1956 zogen Selmas Eltern von Schmalkalden nach Kassel, ein Rückhalt für meine Mutter. Sie mussten den überwiegenden Teil ihres Hab und Gut im Osten lassen. 1960 bauten meine Eltern ein Haus in Kassel. Selma fühlte sich im Garten wohl. 1979 starb mein Vater, sie lebte noch 42 überwiegend glückliche Jahre. Als ich sie fragte, ob sie nicht nach Berlin kommen wolle, kam das JA so schnell, dass ich vermutete, sie habe schon lange auf diese Frage gewartet. Komisch: In Berlin entschied sie sich spontan für eine Wohnung im 15. Stockwerk eines Hochhauses mit Blick über die Stadt bis zum Teufelsberg – ohne Garten.

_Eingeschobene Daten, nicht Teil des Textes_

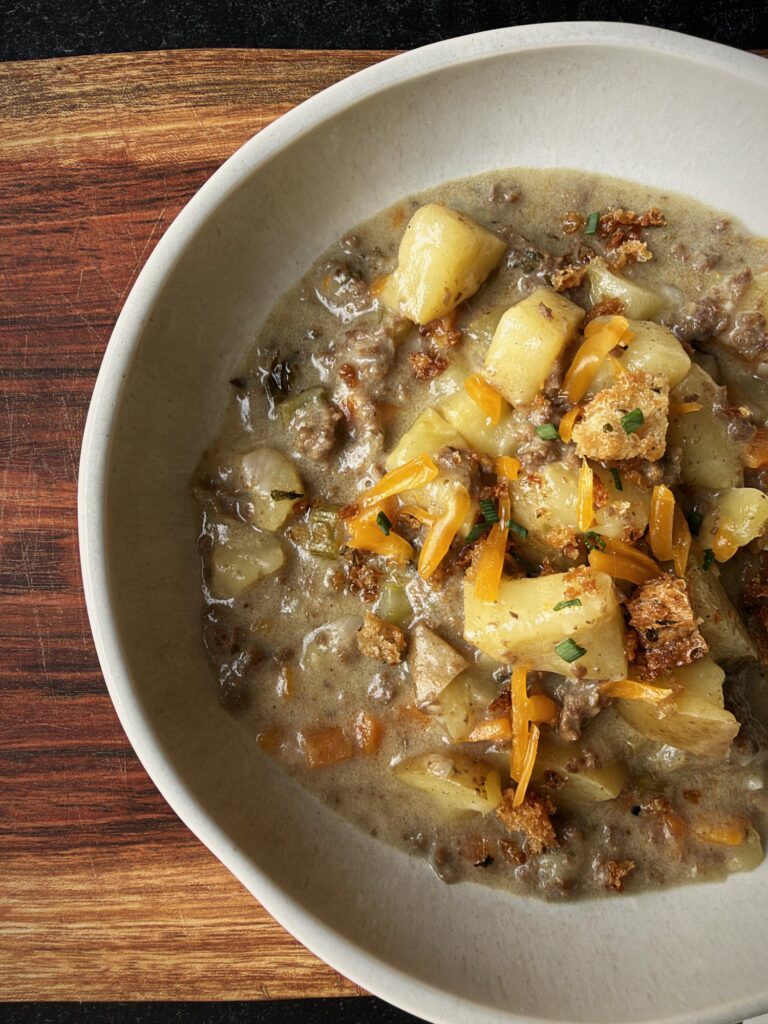 Close-up of creamy cheeseburger soup with potato chunks, ground beef, shredded cheddar, and croutons in a white bowl.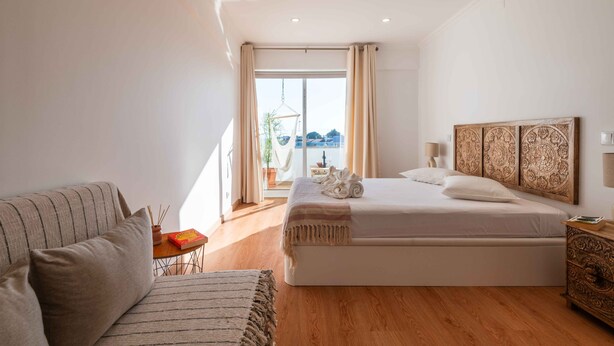 A bedroom with a bed, a sofa, a small table, and a nightstand. - Montechoro Sea View 3 Bedroom Apartment (Albufeira)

Überwiegend glücklich Jahre, weil schleichend Alzheimer anfing und sich ihr mehr und mehr ermächtigte. Furchtbar. „Ich möchte gerne, dass es ‚knacks‘ macht und mein Kopf wieder in Ordnung ist.“

So wie ich diese Seite wielandgiebel.de allmählich fülle, mit aktuellen Ereignissen, aber auch mit Geschichten von früher, will ich es auch mit selmafenner.de machen. Jetzt, Anfang 2024, ist ja eine ganz schöne Struktur vorhanden und ich kann allmählich ergänzen. Der Stapel an Berichten, die ich dafür ausgewählt habe, ist 30 bis 40 Zentimeter hoch.

Was bleibt von einem Leben? Erstaunlich viel. Denn Selmas Berichte ermöglichen ein lebendiges Bild der Zeit, ihrer Familie und auch ihrer Gefühle.